How should CPU utilization data collected for AIX SPLPAR machines by Perform be interpreted?

Version 6
    Share:|

    This document contains official content from the BMC Software Knowledge Base. It is automatically updated when the knowledge article is modified.


    PRODUCT:

    TrueSight Capacity Optimization


    COMPONENT:

    Capacity Optimization


    APPLIES TO:

    TrueSigh Capacity Optimization 11.x, 10.x, BMC Performance Assurance for Virtual Servers 9.x



    QUESTION:

     
       CPU Utilization reported for AIX SPLPAR machines can depend on many factors including the number of physical processors in the CPU pool, the number of logical processors assigned to the SPLPAR, the CPU entitlement, whether the SPLPAR is running in 'capped' or 'uncapped' mode, and whether SMT is enabled or disabled.   
         
         
    • How should CPU numbers reported via the System Statistics group in Investigate be interpreted?
    •    
    • How should CPU numbers reported via TSCO Capacity Agent be interpreted?
    •   
       


    ANSWER:

     

    Legacy ID:KA312207

      
      The data reported in Capacity Agents for CPU is the same as what the agent would report for CPU numbers in Investigate for the 'System Statistics' group.  
     
    Here is information about how the Capacity Agent reports System Statistics level CPU utilization in Investigate:  
     
    There are three settings that define how much CPU can be used on an SPLPAR. One is the 'entitlement' that is the guaranteed amount of CPU that will be available for this processor.

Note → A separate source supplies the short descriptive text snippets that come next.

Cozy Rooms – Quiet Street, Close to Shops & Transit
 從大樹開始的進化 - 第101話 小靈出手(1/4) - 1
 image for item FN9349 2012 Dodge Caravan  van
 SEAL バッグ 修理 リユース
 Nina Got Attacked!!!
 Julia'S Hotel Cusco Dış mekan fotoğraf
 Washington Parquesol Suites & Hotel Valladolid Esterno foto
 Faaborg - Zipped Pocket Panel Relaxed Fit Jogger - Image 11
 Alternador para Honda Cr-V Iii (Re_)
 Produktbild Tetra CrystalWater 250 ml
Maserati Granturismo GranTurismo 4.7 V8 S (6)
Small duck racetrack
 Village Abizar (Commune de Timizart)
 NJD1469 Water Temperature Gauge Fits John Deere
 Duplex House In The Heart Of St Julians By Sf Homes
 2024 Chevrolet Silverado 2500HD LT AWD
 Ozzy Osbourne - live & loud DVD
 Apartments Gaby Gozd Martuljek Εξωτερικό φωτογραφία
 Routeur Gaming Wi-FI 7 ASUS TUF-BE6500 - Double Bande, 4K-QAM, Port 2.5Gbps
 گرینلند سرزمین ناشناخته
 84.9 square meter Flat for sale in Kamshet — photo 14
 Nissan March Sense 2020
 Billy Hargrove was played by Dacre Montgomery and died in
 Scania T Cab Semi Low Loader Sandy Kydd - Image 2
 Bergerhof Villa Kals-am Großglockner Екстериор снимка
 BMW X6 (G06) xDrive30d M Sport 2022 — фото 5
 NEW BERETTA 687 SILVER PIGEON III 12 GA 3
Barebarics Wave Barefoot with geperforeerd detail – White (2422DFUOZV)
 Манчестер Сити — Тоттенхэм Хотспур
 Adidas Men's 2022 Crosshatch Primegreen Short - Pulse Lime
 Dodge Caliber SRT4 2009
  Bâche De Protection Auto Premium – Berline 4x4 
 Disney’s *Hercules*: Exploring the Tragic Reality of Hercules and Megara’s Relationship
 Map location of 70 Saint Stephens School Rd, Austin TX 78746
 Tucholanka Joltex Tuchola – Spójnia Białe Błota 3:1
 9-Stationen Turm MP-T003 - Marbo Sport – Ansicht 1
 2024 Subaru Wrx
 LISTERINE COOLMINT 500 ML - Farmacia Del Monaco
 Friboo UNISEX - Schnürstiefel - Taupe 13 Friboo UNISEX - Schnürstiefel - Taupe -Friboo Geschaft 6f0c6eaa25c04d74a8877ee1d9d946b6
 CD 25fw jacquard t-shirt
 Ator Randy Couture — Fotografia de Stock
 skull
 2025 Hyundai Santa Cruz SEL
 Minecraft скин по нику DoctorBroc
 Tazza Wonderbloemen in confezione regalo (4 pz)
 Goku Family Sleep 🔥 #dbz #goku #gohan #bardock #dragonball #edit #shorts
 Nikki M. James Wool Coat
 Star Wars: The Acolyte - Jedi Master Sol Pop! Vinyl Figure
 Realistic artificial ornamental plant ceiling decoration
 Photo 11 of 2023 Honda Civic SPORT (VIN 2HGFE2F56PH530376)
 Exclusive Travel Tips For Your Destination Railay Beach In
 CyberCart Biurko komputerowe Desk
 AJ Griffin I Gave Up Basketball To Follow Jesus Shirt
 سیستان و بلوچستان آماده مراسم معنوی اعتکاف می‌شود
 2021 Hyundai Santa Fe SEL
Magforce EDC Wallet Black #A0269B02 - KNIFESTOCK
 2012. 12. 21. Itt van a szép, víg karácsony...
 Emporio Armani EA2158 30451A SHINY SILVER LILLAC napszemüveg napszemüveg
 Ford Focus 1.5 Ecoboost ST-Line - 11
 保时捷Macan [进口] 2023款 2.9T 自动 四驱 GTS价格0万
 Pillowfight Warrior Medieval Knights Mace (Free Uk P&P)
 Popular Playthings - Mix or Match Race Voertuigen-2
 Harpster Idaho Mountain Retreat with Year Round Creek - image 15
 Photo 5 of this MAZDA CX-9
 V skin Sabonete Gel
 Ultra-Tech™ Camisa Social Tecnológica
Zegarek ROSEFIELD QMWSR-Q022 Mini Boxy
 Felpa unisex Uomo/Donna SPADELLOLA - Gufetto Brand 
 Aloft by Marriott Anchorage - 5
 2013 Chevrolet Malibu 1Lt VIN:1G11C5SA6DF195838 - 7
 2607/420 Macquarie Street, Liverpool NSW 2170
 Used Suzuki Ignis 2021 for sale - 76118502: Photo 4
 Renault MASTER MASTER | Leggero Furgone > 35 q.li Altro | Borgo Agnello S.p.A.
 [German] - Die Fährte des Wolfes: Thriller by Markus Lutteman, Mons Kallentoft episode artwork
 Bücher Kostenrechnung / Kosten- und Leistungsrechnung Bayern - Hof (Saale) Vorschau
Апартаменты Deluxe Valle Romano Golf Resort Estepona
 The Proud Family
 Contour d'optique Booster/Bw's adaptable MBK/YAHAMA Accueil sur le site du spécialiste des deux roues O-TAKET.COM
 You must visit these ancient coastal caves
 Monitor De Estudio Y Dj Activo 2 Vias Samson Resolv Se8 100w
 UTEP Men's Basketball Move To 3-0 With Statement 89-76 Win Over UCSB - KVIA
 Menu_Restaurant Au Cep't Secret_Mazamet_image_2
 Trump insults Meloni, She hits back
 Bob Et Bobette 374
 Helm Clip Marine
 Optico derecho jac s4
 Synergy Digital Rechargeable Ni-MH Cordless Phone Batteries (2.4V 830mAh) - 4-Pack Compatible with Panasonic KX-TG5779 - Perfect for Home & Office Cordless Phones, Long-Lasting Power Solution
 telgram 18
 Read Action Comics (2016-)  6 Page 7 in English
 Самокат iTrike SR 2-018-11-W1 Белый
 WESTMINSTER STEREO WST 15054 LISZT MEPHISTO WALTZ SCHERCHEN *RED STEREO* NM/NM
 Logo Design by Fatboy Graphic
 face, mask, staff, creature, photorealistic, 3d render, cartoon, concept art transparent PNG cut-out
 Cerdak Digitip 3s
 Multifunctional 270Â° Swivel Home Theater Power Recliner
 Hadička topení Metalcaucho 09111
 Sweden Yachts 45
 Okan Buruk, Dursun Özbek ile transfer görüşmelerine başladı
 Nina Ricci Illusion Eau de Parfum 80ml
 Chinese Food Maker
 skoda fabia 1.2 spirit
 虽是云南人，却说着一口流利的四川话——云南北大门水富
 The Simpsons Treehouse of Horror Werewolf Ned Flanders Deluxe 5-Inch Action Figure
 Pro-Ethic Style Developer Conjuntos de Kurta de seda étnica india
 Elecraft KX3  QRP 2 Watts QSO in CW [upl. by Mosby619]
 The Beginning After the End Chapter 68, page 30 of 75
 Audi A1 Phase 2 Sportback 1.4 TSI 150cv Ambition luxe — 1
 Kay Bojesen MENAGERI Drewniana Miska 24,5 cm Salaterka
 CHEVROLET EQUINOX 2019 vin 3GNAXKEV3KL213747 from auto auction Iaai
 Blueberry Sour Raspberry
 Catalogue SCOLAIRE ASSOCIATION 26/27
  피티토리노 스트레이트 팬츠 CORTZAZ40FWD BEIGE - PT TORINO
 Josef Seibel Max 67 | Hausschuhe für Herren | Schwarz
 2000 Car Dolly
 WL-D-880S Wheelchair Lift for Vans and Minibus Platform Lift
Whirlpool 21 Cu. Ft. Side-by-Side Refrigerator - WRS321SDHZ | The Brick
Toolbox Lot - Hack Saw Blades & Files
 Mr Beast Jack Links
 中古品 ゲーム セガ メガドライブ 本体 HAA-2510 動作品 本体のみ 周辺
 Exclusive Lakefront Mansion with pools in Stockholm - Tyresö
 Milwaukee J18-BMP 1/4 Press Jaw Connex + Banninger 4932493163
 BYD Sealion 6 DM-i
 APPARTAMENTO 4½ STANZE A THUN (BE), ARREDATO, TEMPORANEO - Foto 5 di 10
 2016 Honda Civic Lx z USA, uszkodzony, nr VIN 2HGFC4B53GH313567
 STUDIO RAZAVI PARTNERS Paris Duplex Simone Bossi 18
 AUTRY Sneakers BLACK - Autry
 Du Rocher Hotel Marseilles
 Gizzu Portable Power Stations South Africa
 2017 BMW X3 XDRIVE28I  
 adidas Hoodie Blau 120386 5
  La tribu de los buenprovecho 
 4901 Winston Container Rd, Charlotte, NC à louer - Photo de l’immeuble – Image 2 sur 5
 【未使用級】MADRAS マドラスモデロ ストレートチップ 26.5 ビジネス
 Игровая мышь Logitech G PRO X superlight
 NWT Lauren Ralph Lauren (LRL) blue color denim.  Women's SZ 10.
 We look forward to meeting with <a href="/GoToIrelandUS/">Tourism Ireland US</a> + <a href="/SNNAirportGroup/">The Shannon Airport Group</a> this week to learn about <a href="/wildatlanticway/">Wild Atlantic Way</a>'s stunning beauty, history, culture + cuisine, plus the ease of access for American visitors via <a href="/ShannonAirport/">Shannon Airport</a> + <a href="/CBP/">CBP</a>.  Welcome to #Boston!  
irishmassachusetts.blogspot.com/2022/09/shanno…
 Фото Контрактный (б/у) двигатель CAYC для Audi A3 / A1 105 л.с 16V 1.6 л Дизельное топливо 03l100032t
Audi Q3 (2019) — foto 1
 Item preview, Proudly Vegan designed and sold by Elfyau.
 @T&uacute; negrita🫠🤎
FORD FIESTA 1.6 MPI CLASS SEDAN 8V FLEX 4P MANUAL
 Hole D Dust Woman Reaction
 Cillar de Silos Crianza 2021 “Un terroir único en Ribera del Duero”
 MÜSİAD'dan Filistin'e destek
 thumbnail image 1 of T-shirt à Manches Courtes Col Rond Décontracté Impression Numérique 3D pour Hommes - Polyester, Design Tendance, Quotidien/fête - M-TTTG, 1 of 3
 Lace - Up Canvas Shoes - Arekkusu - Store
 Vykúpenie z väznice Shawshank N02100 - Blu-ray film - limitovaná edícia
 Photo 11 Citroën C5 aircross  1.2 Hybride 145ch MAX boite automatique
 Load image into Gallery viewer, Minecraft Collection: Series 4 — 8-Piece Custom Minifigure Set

Another is the number of virtual processors allocated to the SPLPAR. In this case the SPLPAR has been allocated 2 virtual processors. The third setting is whether the machine is 'capped' or 'uncapped'. A capped SPLPAR can only consume as much CPU as its entitlement limit. So, for this machine if it were capped, it would only be able to use up to 25% of a single processor. Thus 100% utilization for this machine would mean 25% of a single processor. An uncapped SPLPAR can consume as much CPU as its virtual processors can get scheduled time on physical processors. So, a machine with 2 virtual processors (like this one) could use up to 200% CPU when uncapped. But, if other SPLPARs in the same pool were competing for CPU resources it might not be able to get up to 200% because other SPLPARs might be using the available physical processors.  
     
      Modes Capped/Uncapped: 
    Capped mode on the SLPAR doesn't allow the partition to exceed the entitled capacity assigned to it even if there are free resources in the processor pool.  
    Uncapped mode will let the logical partition to get more processing power from the host/pool if needed if enough resources were available and other partitions are not using it.  
    Uncapped partitions have access to spare processor cycles in the shared processor pool.  
     
     
    So, what Development did was decide to always represent CPU Utilization in System Statistics as being 'out of' the 'entitlement' for the machine regardless of whether it was capped or uncapped. The reason is that the entitlement is the total amount of CPU that we know the machine can get, where as the limit up to the number of virtual processors allocated to the SPLPAR is just a theoretical limit (from the perspective of the collector which only knows about the local machine).  
     
    So, the collector is going to report for '% CPU Utilization' the value from lparstat called '%entc' capped at 100%. So, if %entc goes above 100% in lparstat (as it is on this machine) the Perform collector will report the machine as being 100% utilized.  
        
        NOTE: The 'System Statistics:CPU Utilization' value reported by Perform version 7.3.00 Investigate may be reported incorrectly. See Resolution 10009171 for additional information.   
     
    Sample lparstat output:   
       System configuration: type=Shared mode=Uncapped smt=On lcpu=4 mem=8192 psize=50 ent=0.25   
    %user  %sys  %wait  %idle physc %entc  lbusy  vcsw phint   
    -----  ----  -----  ----- ----- ----- ------  ---- -----   
    65.2  29.8    0.4    4.6  1.20 479.4   32.0  1646    93   
    61.7  33.6    0.3    4.4  1.14 456.4   29.3  1496    86   
    63.7  31.5    0.3    4.6  1.19 477.6   31.5  1619    82   
    54.1  40.9    0.2    4.7  1.13 453.6   29.7  1386    69   
    64.4  30.8    0.4    4.4  1.16 465.5   30.6  1804    78   
    70.2  24.5    0.4    4.9  1.28 512.0   35.9  1964    77   
    68.4  26.2    0.5    4.8  1.19 476.2   32.0  1949    73   
    73.5  21.2    0.8    4.5  1.26 504.9   34.3  2176    81   
    57.7  37.0    0.3    5.0  1.19 476.1   31.3  1643    74   
    77.9  16.8    0.3    5.0  1.54 616.9   49.1  5199   151   
    84.0  12.9    0.6    2.4  1.81 725.7   72.7  3896   265   
    84.8  11.8    0.7    2.7  1.79 714.7   66.2  3407   187   
    80.8  14.7    0.3    4.2  1.51 605.3   47.1  2633   106   
    81.7  13.4    0.3    4.6  1.42 568.4   42.2  2604   109   
    81.8  13.0    0.2    5.0  1.47 589.8   44.8  2361   128  
        

    Q: How does the sum of CPU Statistics reported CPU relate to System Statistics reported CPU?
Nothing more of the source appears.